Still, there will be a range of issues. Ford says its basic Lightning will have a range of 230 miles and one with two batteries and additional horsepower, costing an additional $10,000, will get 300 miles. If the power-takeoff features are used for operating equipment, the mileage will come down.

Nonetheless, the Lightning is expected to streak across the automotive sky and supercharge the popularity of EVs. If the Lightning performs as expected, it will usher in a whole family of all-electric pickups. It will also speed an increase in demand, which the auto factories won’t be able to meet in the immediate future.

The utilities will have to get ready, too.

Texas, which has one of the largest, if not the largest, penetration of pickup trucks per capita, may be facing electricity shortages in the years ahead. Data companies have been moving to the state, putting a strain on electricity demand.

Andres Carvallo, a polymath friend, is a former electric utility executive and now is a principal at CMG Consulting and a professor at Texas State University. He points out the possible stress on electric utilities. “ERCOT [Electricity Reliability Council of Texas] is approximately an 80-gigawatt energy market at peak capacity today. There are around 22 million registered vehicles in Texas,” he says, “If they were all-electric and each had a 100-kWh battery, they would require 2,200 gigawatts to charge at the same time. So how do you manage the gap?”
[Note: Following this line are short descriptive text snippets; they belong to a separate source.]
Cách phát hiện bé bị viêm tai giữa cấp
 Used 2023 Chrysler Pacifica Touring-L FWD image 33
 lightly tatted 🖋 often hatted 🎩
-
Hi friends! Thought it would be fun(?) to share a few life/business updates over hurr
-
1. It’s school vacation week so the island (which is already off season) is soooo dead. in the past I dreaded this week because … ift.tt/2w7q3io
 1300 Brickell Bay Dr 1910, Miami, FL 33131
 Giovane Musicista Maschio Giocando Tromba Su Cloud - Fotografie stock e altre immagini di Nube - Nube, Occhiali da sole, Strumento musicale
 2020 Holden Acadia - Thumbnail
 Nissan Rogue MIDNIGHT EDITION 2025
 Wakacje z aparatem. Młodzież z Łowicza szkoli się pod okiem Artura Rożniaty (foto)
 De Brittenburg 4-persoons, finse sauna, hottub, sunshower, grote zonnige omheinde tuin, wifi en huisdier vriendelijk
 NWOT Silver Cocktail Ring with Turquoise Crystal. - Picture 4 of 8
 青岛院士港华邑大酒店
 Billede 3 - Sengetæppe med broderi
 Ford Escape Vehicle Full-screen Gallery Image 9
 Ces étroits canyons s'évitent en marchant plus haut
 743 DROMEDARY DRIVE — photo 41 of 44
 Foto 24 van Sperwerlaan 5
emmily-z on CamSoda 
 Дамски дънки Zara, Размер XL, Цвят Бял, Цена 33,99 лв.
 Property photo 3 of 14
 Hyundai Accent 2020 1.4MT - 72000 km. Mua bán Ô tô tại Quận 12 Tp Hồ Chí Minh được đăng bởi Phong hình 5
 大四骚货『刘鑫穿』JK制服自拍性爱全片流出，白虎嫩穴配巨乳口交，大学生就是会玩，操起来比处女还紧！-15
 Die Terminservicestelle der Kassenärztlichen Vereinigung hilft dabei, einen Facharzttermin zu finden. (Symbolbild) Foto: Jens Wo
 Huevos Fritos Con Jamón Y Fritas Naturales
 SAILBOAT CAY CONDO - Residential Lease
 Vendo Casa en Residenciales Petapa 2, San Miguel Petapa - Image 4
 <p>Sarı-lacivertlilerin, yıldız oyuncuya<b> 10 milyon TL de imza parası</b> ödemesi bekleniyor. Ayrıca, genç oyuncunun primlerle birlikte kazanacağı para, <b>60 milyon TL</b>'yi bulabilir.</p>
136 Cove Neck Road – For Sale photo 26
Down the road, Texas and the rest of the country is going to need an awful lot of new, clean electricity.

Of course, there won’t be 100 percent deployment of electric vehicles for many decades, and they won’t all be charging at the same time. But this shouldn’t escape the electric utilities, who have to plan now for then.

When real men start driving all-electric rigs, things will happen — revolutionary things.

Matt Chester's picture
Matt Chester on Nov 4, 2021

For millions in the South and the West, the new pickup trucks will make electric vehicles socially acceptable, destigmatized. No longer will EVs be the effete preserve of the coastal elites.

It's a bit of a sad commentary that even something like this becomes so divisive and into the cultural politics, but we saw it coming with the perception of the Prius and its drivers for the past decade. Fighting those norms is a much more uphill battle than the clearly better solution which was creating the type of electric truck that would win customers based on what it could provide them, environment/climate benefits or not! Excited to see the domino effect this may have

Audra Drazga's picture
Audra Drazga on Nov 4, 2021

Great article.  I think the extra cost may be an issue and for many the distance restrictions. People who use trucks for work-related activities tend to be the ones who drive a lot of miles in a day. I do think the ability to plug their electric tools in will be a huge plus.  Getting the trucks on the market is the first step - each generation will get better and hopefully, the cost will come down for the everyday middle-class driver. 

Jim Stack's picture
Jim Stack on Nov 5, 2021

Yes pick up trucks are the best selling vehicle of all types. We have RIVIAN all electric pickups already being delivered while the F150 and Tesla Cyber trucks are coming very soon in 2022. It will charge our world. 

    You may note that the Tesla Cyber trucks has a lot of features the others don't have like dent proof body, longer range, more charging locations , solar rear cover, ramp built in the back tail gate and more. They also have the most preorders. We will need all versions and brands so watch out.